- _BRIEF_:
What's required is a verbatim printout of all the data.

- _DATA FOR THIS EXERCISE_:
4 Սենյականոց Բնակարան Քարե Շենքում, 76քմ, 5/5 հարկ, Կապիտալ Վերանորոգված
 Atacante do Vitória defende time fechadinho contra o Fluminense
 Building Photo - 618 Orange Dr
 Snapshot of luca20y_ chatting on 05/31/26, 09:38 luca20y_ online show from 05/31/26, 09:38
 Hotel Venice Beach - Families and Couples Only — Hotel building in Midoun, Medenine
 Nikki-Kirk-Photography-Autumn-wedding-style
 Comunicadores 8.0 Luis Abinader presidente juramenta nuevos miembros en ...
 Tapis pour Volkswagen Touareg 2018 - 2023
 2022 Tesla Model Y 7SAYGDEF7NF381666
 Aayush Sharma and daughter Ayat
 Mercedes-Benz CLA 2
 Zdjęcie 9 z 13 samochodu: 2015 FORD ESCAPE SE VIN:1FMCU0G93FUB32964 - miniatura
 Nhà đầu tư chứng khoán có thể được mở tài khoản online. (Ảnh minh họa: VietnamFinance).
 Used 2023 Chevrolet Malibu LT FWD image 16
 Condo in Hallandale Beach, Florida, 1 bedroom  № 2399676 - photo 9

- _EXPECTED OUTPUT_:
4 Սենյականոց Բնակարան Քարե Շենքում, 76քմ, 5/5 հարկ, Կապիտալ Վերանորոգված
 Atacante do Vitória defende time fechadinho contra o Fluminense
 Building Photo - 618 Orange Dr
 Snapshot of luca20y_ chatting on 05/31/26, 09:38 luca20y_ online show from 05/31/26, 09:38
 Hotel Venice Beach - Families and Couples Only — Hotel building in Midoun, Medenine
 Nikki-Kirk-Photography-Autumn-wedding-style
 Comunicadores 8.0 Luis Abinader presidente juramenta nuevos miembros en ...
 Tapis pour Volkswagen Touareg 2018 - 2023
 2022 Tesla Model Y 7SAYGDEF7NF381666
 Aayush Sharma and daughter Ayat
 Mercedes-Benz CLA 2
 Zdjęcie 9 z 13 samochodu: 2015 FORD ESCAPE SE VIN:1FMCU0G93FUB32964 - miniatura
 Nhà đầu tư chứng khoán có thể được mở tài khoản online. (Ảnh minh họa: VietnamFinance).
 Used 2023 Chevrolet Malibu LT FWD image 16
 Condo in Hallandale Beach, Florida, 1 bedroom  № 2399676 - photo 9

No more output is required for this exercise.